In this study, all 3 strains harboring the optrA gene in their chromosomal or plasmid DNAs also carried the fexA gene adjacent to optrA. Ca'Mara et al. reported that the presence of both optrA and fexA in the same isolates occurred at a high frequency (Ca'Mara et al., 2019); moreover, cotransfer of the fexA gene with optrA in E. faecalis has been already shown in many countries such as China (Wang et al., 2015), Spain (Ca'Mara et al., 2019), and the United States (Wardenburg et al., 2019). In this study, the strains with the embedded fexA-optrA complex, which is highly similar to those of Tn6674 and pE439, also induced simultaneous resistance to phenicols and oxazolidinones as has been previously described (Wang et al., 2015; Cai et al., 2018; Li et al., 2019). Moreover, mobile genetic elements such as transposons or plasmids flanking the optrA gene can be mediated by the horizontal transfer of a variety of resistance genes in the absence of antimicrobial drugs (Morroni et al., 2018; Wardenburg et al., 2019). Mobile genetic elements have frequently carried not only optrA but also other resistance determinants such as fexA, ermA, and Isa(A) genes. Freitas et al. (2017) and Tamang et al. (2017) have reported that oxazolidinones-resistant isolates linked to animals in which phenicols, marcolides, and streptogramins may be used might coselect resistance to other antibiotic families (Freitas et al., 2017; Tamang et al., 2017). In this study, 3 strains showed chromosomal- or plasmid-mediated oxazolidinone resistance as indicated by the coresistances to CHL, ERY, SYN, CIP, TYLT, and FFN. Although LZD has not been used in the poultry industry in South Korea, the emergence of an LZD-resistant E. faecalis in chickens could be the result of horizontal transfer of resistance genes and coselection of phenicol-resistant strains as has been previously described (Wang et al., 2015; Ca'Mara et al., 2019).

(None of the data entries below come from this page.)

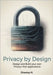 Privacy by Design: Design and Build Your Own Privacy-First Applications by N, Dheelep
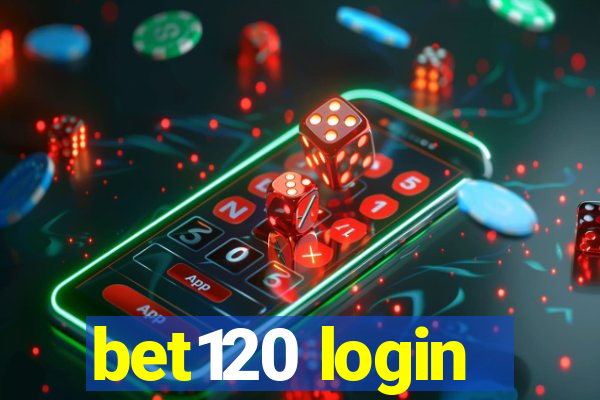 bet120 login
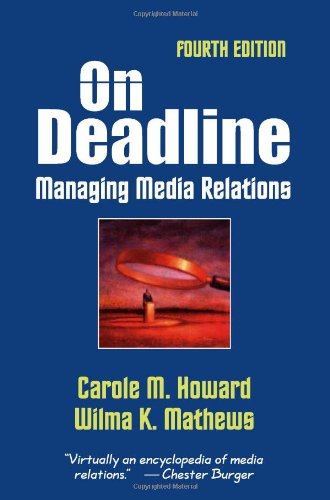 On Deadline: Managing Media Relations, 4th,Used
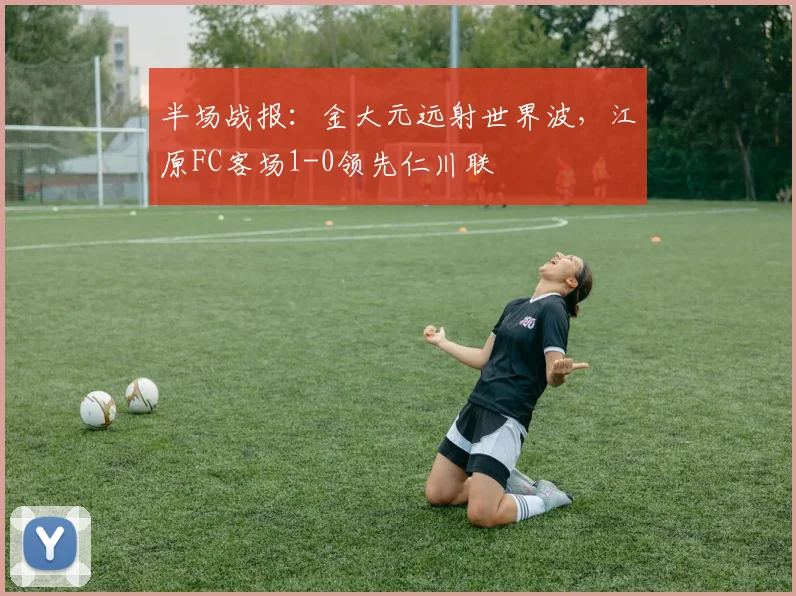 半场战报：金大元远射世界波，江原FC客场1-0领先仁川联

The analysis of 3 optrA-positive E. faecalis in this study showed the presence of a number of virulence genes in common, which is consistent with the results obtained from other E. faecalis strains of food origin (Vidana et al., 2016; Cavaco et al., 2017). Virulence factors contribute to adaptation to different environments and can enable the sharing of various genes such as virulence determinant and antimicrobial resistance genes (Coburn et al., 2007; Vidana et al., 2016). Especially, the expressions of different families of efflux pumps could contribute to the antimicrobial resistance and their pathogenesis (Martinez et al., 2009). As the association of these virulence factors with optrA is unclear, further monitoring of food animals is required to ascertain the role of virulence factors affecting the resistances determined by optrA.